Conseils sur l’utilisation des gestes

  • Réfléchis, avant une séquence d’enseignement, à la manière dont tu peux mettre en relief ton message clé (cf. 4e article de la série Sweet spot) avec un geste facile à retenir.
  • Privilégie les gestes où tes paumes sont tournées vers le haut, car il s’en dégage une impression d’ouverture, d’amabilité et de cordialité plus forte que quand les paumes sont dirigées vers le bas.
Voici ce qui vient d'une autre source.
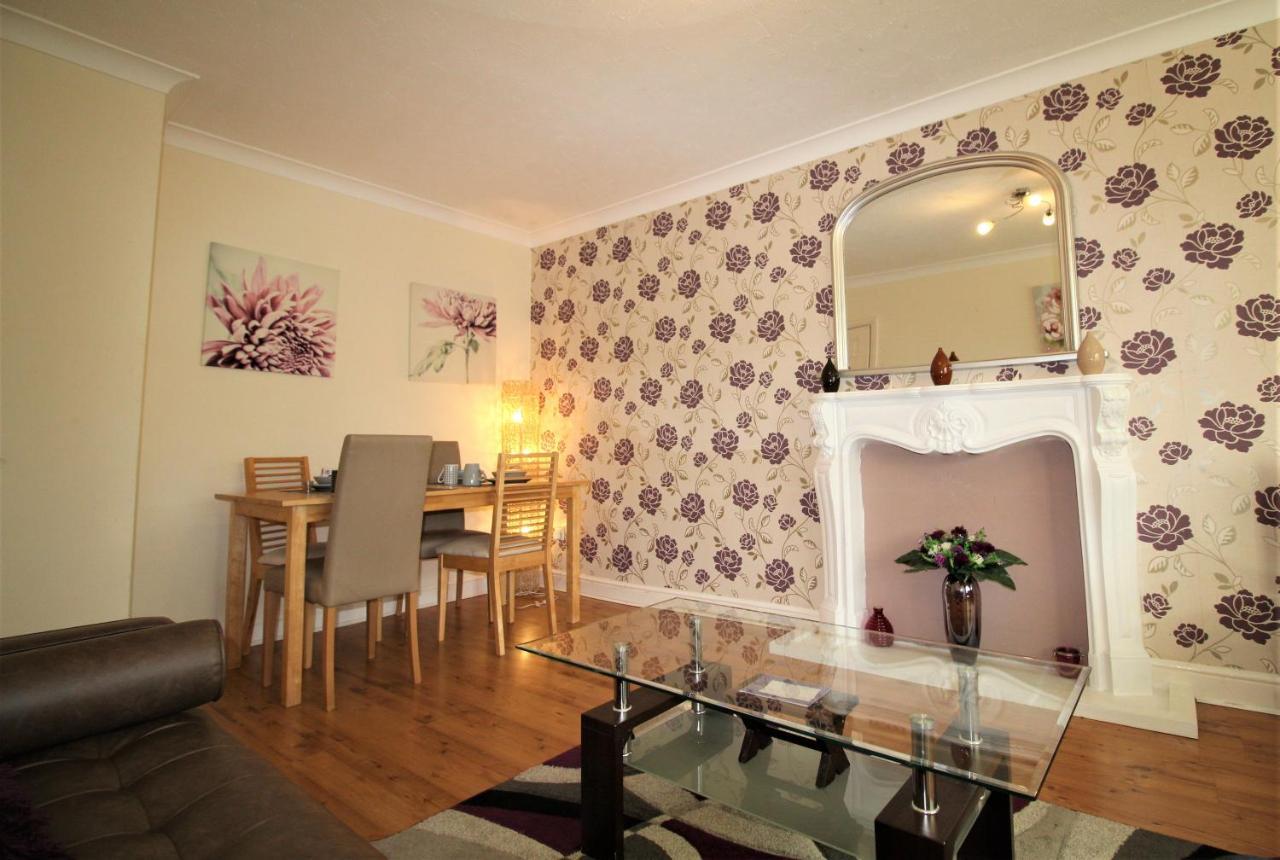 Doncaster - Boswell - Large Balcony Apartment - 2 Double Beds - 2 Bedrooms - Close To Town & Racecourse - Off Street Parking 2 Cars - Fast Wifi Buitenkant foto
Pour en savoir plus, regarde la conférence TED4 d’Alan Pease, expert en langage corporel.
  • Évite les gestes où tu pointes ton index. Ils ont un côté dominateur et moralisateur. Les politiciens et politiciennes l’ont bien compris. Barack Obama, par exemple, utilise à la place un geste appelé «precision grip». Il s’agit d’un mouvement caractéristique de la main qui consiste à joindre le pouce et l’index comme pour saisir quelque chose avec délicatesse et précision. Il sert à donner du poids au discours, à souligner des arguments percutants ou à faire ressortir une information importante. Ce geste très prisé de l’ancien président américain a été baptisé «Obama thumb», le pouce d’Obama, par les experts en langage corporel.

Bibliographie

  • 1Van Edwards, V. (2017, November 13). You are contagious [Video]. TEDxLondon. YouTube. https://www.youtube.com/watch?v=cef35Fk7YD8
  • 2Rizzo, C., Berger, J., & Zhou, X. (2025). Talking with your hands: How hand gestures influence communication. Journal of Marketing Research. Advance online publication. https://doi.org/10.1177/00222437251385922
  • 3Schott, D. U. (2021). Souverän präsentieren – Die erste Botschaft bist Du: Wie Sie Körpersprache authentisch und wirkungsvoll einsetzen (2., überarb. u. erw. Aufl.). Springer Gabler.